Through a windshield, darkly.

It was 4:20 p.m. (smoke ‘em if you got ‘em) when I fired up the Forester for the latest six-hour drive from Bibleburg to Duke City.

Herself and I had been in the old hometown to prepare Chez Dog and The House Back East® for new tenants, a project I’d hoped would take only a couple of long, hard days, but I got there on Friday and didn’t get gone until Tuesday afternoon. Herself beat it on Monday, having one of them obnoxious “job” thingies that requires regular attendance.

So there I was, once again piloting a heavily laden Japanese automobile solo through the starry American night. It reminded me of the good old days, when all I needed for a cross-country jaunt was a bridge burned at one newspaper, a job offer at another, and a battered old rice-grinder that was nearly as full of shit as I was.

“What kind of sordid business are you on now? I mean, man, whither goest thou? Whither goest thou, America, in thy shiny car in the night?” — Jack Kerouac, “On the Road”

I used to love those long nights behind the wheel, in part because I generally enjoyed some sort of illicit chemical assist, having studied at the feet of Jack Kerouac, Ed Abbey and the redoubtable Dr. Hunter S. Thompson. Once a friend and I even took a page from the Good Doktor’s book — to be specific, a page from “Fear and Loathing In Las Vegas” — and ate some acid before stalking into the old MGM Grand to see what we could see, which proved to be much more than was actually there.

In short, it was a bad idea, like so many of the Good Doktor’s, and we quickly jumped back into our auto and drove straight through the inky darkness of the Intermountain West to Alamosa, Colorado, for a steaming plate of enchiladas and beans served up by my companion’s mom, who either didn’t notice or didn’t care that we were horribly twisted on LSD and Budweiser.

After a few hundred thousand miles of that sort of thing, coupled with deteriorating night vision, a bad back and a considerably diminished drug intake (I’m pretty much down to a cup and a half of coffee in the morning these days), I lost interest in snorting that long white line through the windshield and sleeping it off under the camper shell in some rest area or unpatrolled parking lot. When the sunlight started fading, so did I. A motel bed sounded a lot better than drumming on the steering wheel with ZZ Top, Bob Seger or the Allman Brothers cranked up to 11.
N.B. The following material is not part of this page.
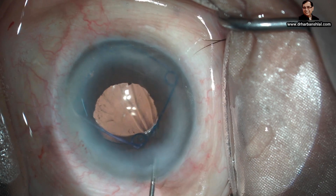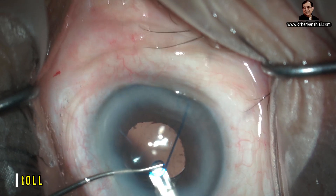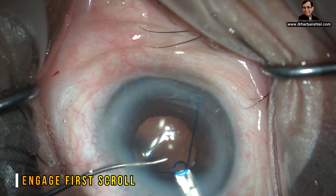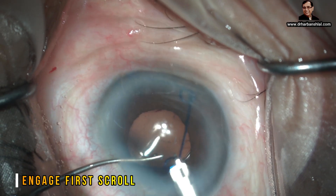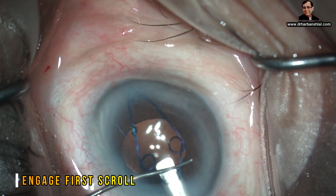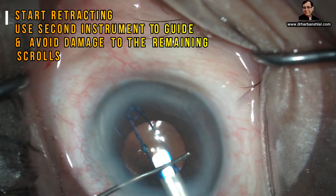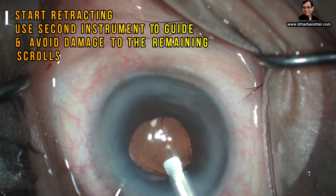Now all the scrolls have been released. Take the barrel inside — one of the scrolls is kept on top of the plate and is hooked inside. While pulling or retracting it into the barrel, use the second instrument to guide it.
But I got a little of the old love back Tuesday night. As I motored southwest with the cruise control set at a safe and sane 75 mph a banana moon hung brightly in the sky dead ahead, the highway stripes rising up as if to meet it on the hills. Where to go? Mexico? San Francisco? Albuquerque, as it turned out. I left the stereo off and listened to the music in my head.

 

The ‘Boogie’ man gonna getcha

October 23, 2014
"Full Tilt Boogie," by Hal Walter

“Full Tilt Boogie,” by Hal Walter

My man Hal Walter of Hardscrabble Times has a new book out. “Full Tilt Boogie” covers a lot of ground, but then so has Hal.

A journalist, runner, world-champion burro racer, ranch hand and foodie who lives in the Upper Boondocks of Crusty County, Colorado, Hal is also the father of an autistic child, Harrison, and the book gives us a glimpse into how he manages all of this without winding up in a Nudie jacket with wraparound arms, playing lonesome country tunes that only he can hear for an audience that only he can see.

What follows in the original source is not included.